Genomic information of 342 accessions from the SAP was obtained from the NCBI SRA database (accession numbers SRX1085248, SRX1085243, SRX1058235, SRX1058234, SRX1058233, SRX1085230, and SRX1085228). Sequences of all 660 accessions (342 accessions in the SAP and 318 accessions in the Sudan core set) were aligned against the BTx623 sorghum genome v.3 using bowtie2 [62], and SNP calling was performed using the TASSEL5GBSv2 pipeline [63]. Raw sequence reads with MAF > 0.01 and missing data < 0.25 were filtered, thus retaining 305,250 SNPs. Imputations were performed using Beagle 4.1 with probability call > 0.80. The imputed genotype data set was filtered for MAF > 0.05 and missing data < 0.80, retaining 209,419 SNPs.
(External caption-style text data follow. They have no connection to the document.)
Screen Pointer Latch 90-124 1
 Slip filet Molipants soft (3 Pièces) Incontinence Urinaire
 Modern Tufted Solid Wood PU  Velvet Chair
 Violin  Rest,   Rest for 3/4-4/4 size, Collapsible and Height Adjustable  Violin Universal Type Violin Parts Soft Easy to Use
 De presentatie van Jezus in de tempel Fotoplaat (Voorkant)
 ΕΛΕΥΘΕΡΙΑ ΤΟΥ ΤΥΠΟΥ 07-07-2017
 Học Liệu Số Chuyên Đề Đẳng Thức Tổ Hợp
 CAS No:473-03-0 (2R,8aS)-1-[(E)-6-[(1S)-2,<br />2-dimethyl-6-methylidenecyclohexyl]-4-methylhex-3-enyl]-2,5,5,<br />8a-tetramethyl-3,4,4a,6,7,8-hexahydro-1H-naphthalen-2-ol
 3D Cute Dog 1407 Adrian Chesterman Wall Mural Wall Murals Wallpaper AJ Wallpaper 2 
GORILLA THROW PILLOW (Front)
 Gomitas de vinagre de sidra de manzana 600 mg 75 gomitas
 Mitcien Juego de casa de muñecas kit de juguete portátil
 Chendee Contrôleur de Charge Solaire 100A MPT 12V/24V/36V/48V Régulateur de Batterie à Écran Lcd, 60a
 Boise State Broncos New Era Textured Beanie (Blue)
Population structure analysis of the NPGS Sudan core set

A pruned subset of 5366 unlinked SNPs (r2 < 0.10) was generated using PLINK [65] and used to determine population structure and admixed ancestry using the model-based clustering method implemented in STUCTURE 2.1 [66]. Three independent runs using an admixture model with correlated frequencies, 50,000 burn-in periods, and 125,000 Monte Carlo Markov Chain (MCMC) for each k value set from 1 to 13 were performed using STRUCTUE. The ad hoc statistic Δk based on the rate of change in the log probability of data between successive k values [67], as implemented by the Structure Harvester software [68], was used to deduce the number of populations in the core set. These three runs were matched by permutation in CLUMPP [69], and accessions with an ancestry membership coefficient < 0.60 were considered admixed.

Genetic diversity and cluster analysis

The number of private SNPs was estimated among accessions in the Sudan core collection and SAP [8] and among the Sudan core set populations. The expected heterozygosity [70], inbreeding coefficient, and pairwise fixation index (FST) [71] among the Sudan core set populations were estimated based on 5366 unlinked SNPs in the R package Hierfstat [72]. Tajima’s D values were estimated based on a sliding window, with a bin and step size of 500 and 100 kb, respectively, and 27,244 common SNPs, as implemented in TASSEL 5.2 [73]. Pairwise genetic distance among the 318 Sudanese accessions was calculated based on identity-by-state (IBS), as implemented in TASSEL 5.2 [73]. The resulting matrix was subject to clustering analysis using the neighbor-joining method and visualized using the Interactive Tree of Life [74].

GWAS

The GWAS was conducted based on the phenotypic data of FL, PH, PL, PD, PL/PD ratio, and anthracnose resistance with the fixed and random model Circulating Probability (farmCPU) model using the GAPPIT package [75] in the R software. In the farmCPU, the ancestry membership coefficient from STRUCTURE were included to control for population structure and family relatedness. Plant midrib color was analyzed as a binary trait (i.e., white vs. green and green-yellow). A multivariate logistic regression model was fitted to the binary data using PLINK [65], with the first four components of a principal components analysis (PCA) and population structure included as covariates to control for family relatedness.

The PLINK [65] block function was used to delimited genomic regions related to associated SNPs. Log quantile-quantile (QQ) p-value plots were examined to determine how well farmCPU and logistic regression accounted for population structure and family relatedness. Manhattan and QQ plots were visualized using the R package qqman [76].

Significance threshold

Empirical significance thresholds for farmCPU were based on Bonferroni with experiment-wise error rate of p = 0.01 as implemented in GAPPIT. The empirical significance threshold for logistic regressions with the midrib data using the Sudan core set (−log10 [p-value] = 5.42) was calculated with 1000 permutations for an experiment-wise error rate of p = 0.05.